Here's a third solution which seems to me to be simpler than either of the above. In the diagram below, the lengths of the lines $\ BC\ $ and $\ AC\ $ are clearly $\ \frac{3}{2}\ $ units and $\ \frac{5}{2}\ $ units, respectively, making the slope of the line $\ AB\ $ $\ \frac{3}{5}\ ,$ the same as that of the given line.

Additional solutions

As Calvin Lin points out in his answer there are many more solutions besides those listed above. Besides the grid lines through $\ A\ ,$ the target line intersects $5$ other vertical grid lines and $3$ other horizontal grid lines. Each of those $8$ intersections can be obtained in one step, just as in the second of the solutions given in OP's question. All $8$ of the resulting solutions are shown in the diagram below.

Answer 3

• Note that unlike pure compass-and-straightedge construction questions, you actually have a lot more guidance in playing around.
• You have grids, which means that the initial nodes are lattice points. And since you're connecting nodes with lines, those slopes are rational. In fact, the nodes that you can define would all have rational coordinates (I believe, but haven't fully double checked.)
• Because you have grid lines, cutting lines up into $ \frac{1}{3}, \frac{2}{3}, \frac{1}{5}, \frac{2}{5}, \ldots $ can be done easily under certain conditions.

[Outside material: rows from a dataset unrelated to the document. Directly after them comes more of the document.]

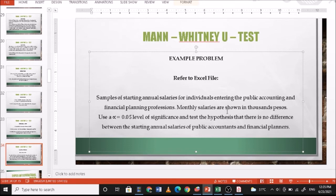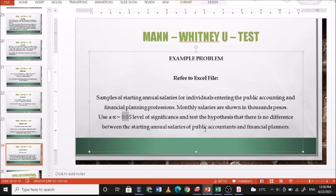The Mann-Whitney U test is appropriate here because the dependent variable — starting annual salary — is measured at the interval or ratio level, there are two groups, and we are not assuming normality. The critical value rule is: if the p-value is less than 0.05, we reject the null hypothesis. Now we move to the test statistic.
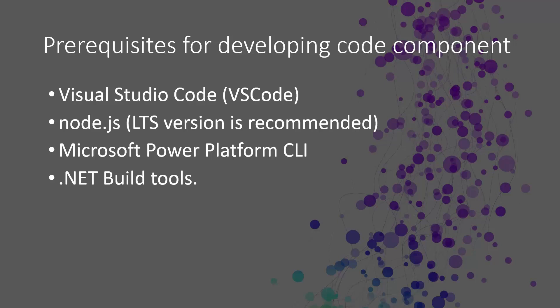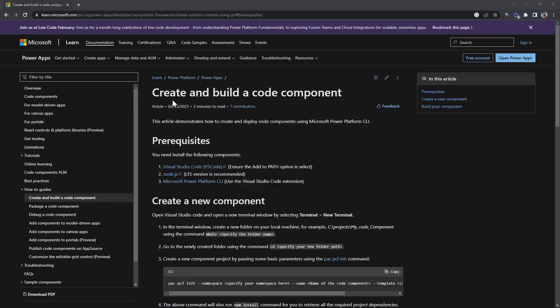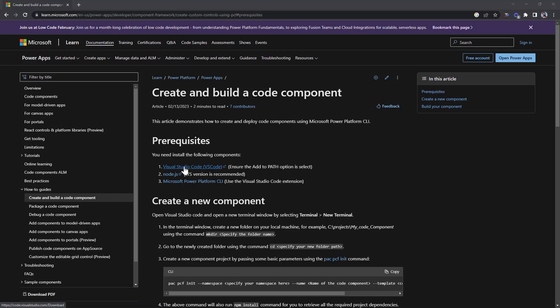What are the prerequisites for developing a code component? First and foremost, you should have Visual Studio Code. You should have the latest LTS version of Node.js. You need to install the Microsoft Power Platform CLI and .NET build tools. Let me point you to documentation which will help you get the tools — I'll add the link in the description below. Just follow the article and you should be able to install everything straightforwardly.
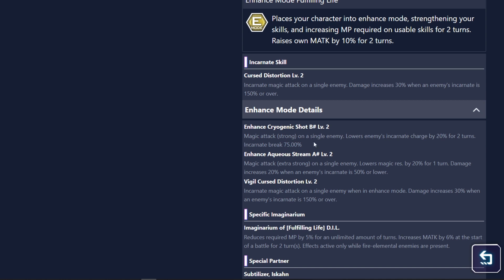Then her assault skill is a magic attack as the strong on a single enemy. Lowers magic resistance by 20% for a turn and increases, and damage increases by 20% when an enemy's incarnate is 50% or lower. Oh, damn, she's very interesting.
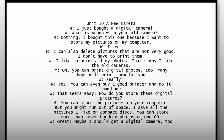How do you store these digital pictures? You can store the pictures on your computer, but you might run out of space. I save all the pictures I like on compact discs. You can store more than 700 photos on one CD. Great. Maybe I should get a digital camera too.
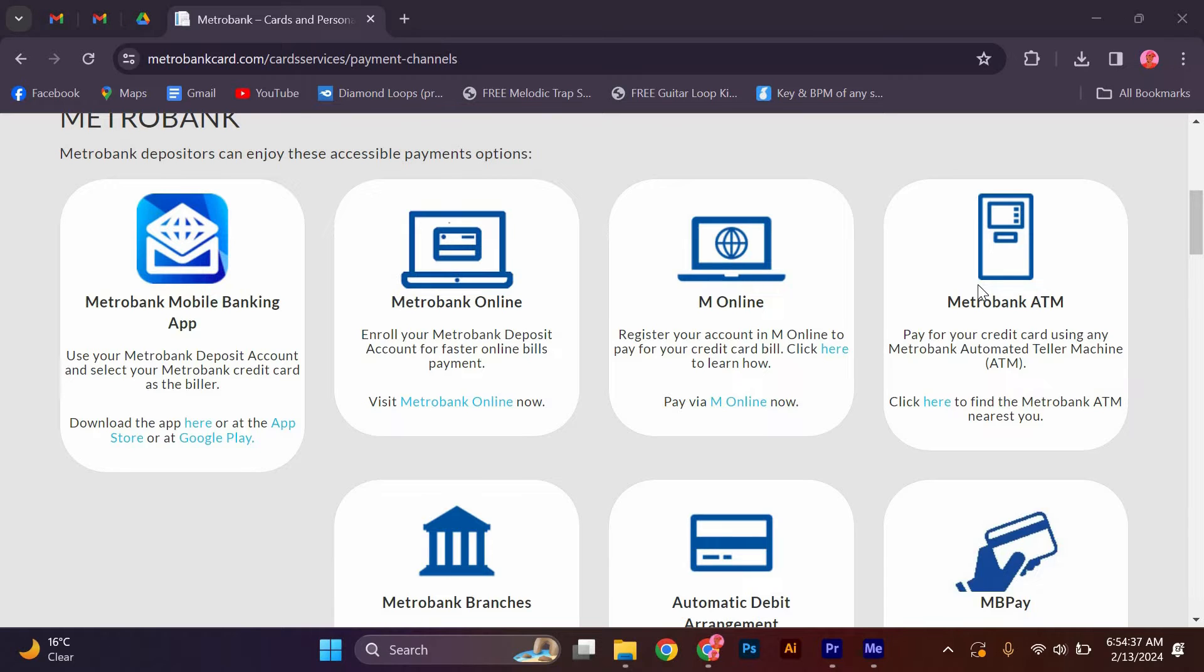Card Services: MetroBank ATM. Pay for your credit card using any MetroBank automated teller machine ATM. Click here to find the MetroBank ATM nearest you.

Solution 1 explained - Similar triangles

• Starting off with point $A$ and line $BC$.
• Notice that $AB$ is easily a "multiple of 4", and hence a "multiple of 2". We can easily bisect $AB$ (at point X, unlabelled) and might be able to work with that point.
• If we extend $AB$ out by 1/2 to $D$, and observe that $DC$ is both a "multiple of 2 and 3" which gives us lots of options, we can trisect $DC$ with point E, Y (unlabelled).
• Then, $AE \parallel XY \parallel BC$.

Solution 2 explained - Coordinate geometry

• Observe that $BC$ has a slope of $\frac{3}{5}$.
• $B = (0, 0), C = (5, 3), A = (2, 4)$.
• To find the line parallel through $A$ (which we'd call $\ell$), we just need another point on it.
• If we chose the vertical grid line that $C$ is on ($y=5$), then that will intersect $\ell$ at $H = (5, 4 + 3\times \frac{3}{5}) = (5, 5 \frac{4}{5} )$.
• So we want to snip off $ \frac{1}{5} $ from the top, which can be done by constructing at line of slope $ \frac{ 1}{5}$.
• Hence construct $FG$ intersecting $ y = 5$ at $H$.
• Note: We could take lots of other lines. Solution 1 could be interpreted as choosing the line $x=5$, and then figuring out where and how to cut it up. As such, on your end, you should choose another line (say $x = 3$), and figure out how to construct the point which gives the intersection with $\ell$.

Answer 4

Just for fun, here are a few more two-step solutions to add to the grid from this earlier answer. The added solutions are shown as thin black lines.

One of the solutions comes from yet another answer, one is the same (extended) line as one of the solutions already shown, but there are three ways to choose the two points to draw that line (or at least two, anyway; the rules were not entirely clear). One of the solutions is derived from the "three-step solution" by omitting the construction line through A. (The other construction line connects two grid points and can be constructed immediately without needing the line through A.)